GIVEN DATA:
════════════════════
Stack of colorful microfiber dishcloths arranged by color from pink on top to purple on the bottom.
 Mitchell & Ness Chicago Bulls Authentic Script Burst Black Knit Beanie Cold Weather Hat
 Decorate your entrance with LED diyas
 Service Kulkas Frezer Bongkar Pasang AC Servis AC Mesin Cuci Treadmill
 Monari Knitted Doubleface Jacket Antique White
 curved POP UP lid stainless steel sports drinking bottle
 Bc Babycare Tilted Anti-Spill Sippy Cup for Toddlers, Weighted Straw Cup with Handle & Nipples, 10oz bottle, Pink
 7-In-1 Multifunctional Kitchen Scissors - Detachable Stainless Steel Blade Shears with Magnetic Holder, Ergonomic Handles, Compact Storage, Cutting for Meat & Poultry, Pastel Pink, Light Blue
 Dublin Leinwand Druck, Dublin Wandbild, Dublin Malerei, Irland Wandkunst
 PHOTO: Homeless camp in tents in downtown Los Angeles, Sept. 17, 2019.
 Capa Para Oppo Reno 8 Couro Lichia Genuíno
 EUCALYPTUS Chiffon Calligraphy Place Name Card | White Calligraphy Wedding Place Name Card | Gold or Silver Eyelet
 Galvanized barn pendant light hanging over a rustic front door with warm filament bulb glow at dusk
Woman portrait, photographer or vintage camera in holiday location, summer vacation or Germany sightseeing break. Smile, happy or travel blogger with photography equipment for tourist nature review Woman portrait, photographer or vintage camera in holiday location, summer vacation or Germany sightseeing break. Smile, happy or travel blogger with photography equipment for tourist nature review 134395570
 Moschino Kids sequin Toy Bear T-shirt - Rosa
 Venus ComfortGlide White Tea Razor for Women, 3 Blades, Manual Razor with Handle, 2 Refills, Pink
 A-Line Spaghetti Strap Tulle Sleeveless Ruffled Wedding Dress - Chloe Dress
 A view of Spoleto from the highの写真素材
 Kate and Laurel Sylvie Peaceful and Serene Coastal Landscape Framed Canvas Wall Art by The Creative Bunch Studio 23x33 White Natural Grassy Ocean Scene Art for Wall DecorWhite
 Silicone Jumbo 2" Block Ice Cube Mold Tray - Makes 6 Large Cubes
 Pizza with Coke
════════════════════
INSTRUCTIONS TO FOLLOW:
An exact copy of the data is needed.

ANSWER AREA:
Stack of colorful microfiber dishcloths arranged by color from pink on top to purple on the bottom.
 Mitchell & Ness Chicago Bulls Authentic Script Burst Black Knit Beanie Cold Weather Hat
 Decorate your entrance with LED diyas
 Service Kulkas Frezer Bongkar Pasang AC Servis AC Mesin Cuci Treadmill
 Monari Knitted Doubleface Jacket Antique White
 curved POP UP lid stainless steel sports drinking bottle
 Bc Babycare Tilted Anti-Spill Sippy Cup for Toddlers, Weighted Straw Cup with Handle & Nipples, 10oz bottle, Pink
 7-In-1 Multifunctional Kitchen Scissors - Detachable Stainless Steel Blade Shears with Magnetic Holder, Ergonomic Handles, Compact Storage, Cutting for Meat & Poultry, Pastel Pink, Light Blue
 Dublin Leinwand Druck, Dublin Wandbild, Dublin Malerei, Irland Wandkunst
 PHOTO: Homeless camp in tents in downtown Los Angeles, Sept. 17, 2019.
 Capa Para Oppo Reno 8 Couro Lichia Genuíno
 EUCALYPTUS Chiffon Calligraphy Place Name Card | White Calligraphy Wedding Place Name Card | Gold or Silver Eyelet
 Galvanized barn pendant light hanging over a rustic front door with warm filament bulb glow at dusk
Woman portrait, photographer or vintage camera in holiday location, summer vacation or Germany sightseeing break. Smile, happy or travel blogger with photography equipment for tourist nature review Woman portrait, photographer or vintage camera in holiday location, summer vacation or Germany sightseeing break. Smile, happy or travel blogger with photography equipment for tourist nature review 134395570
 Moschino Kids sequin Toy Bear T-shirt - Rosa
 Venus ComfortGlide White Tea Razor for Women, 3 Blades, Manual Razor with Handle, 2 Refills, Pink
 A-Line Spaghetti Strap Tulle Sleeveless Ruffled Wedding Dress - Chloe Dress
 A view of Spoleto from the highの写真素材
 Kate and Laurel Sylvie Peaceful and Serene Coastal Landscape Framed Canvas Wall Art by The Creative Bunch Studio 23x33 White Natural Grassy Ocean Scene Art for Wall DecorWhite
 Silicone Jumbo 2" Block Ice Cube Mold Tray - Makes 6 Large Cubes
 Pizza with Coke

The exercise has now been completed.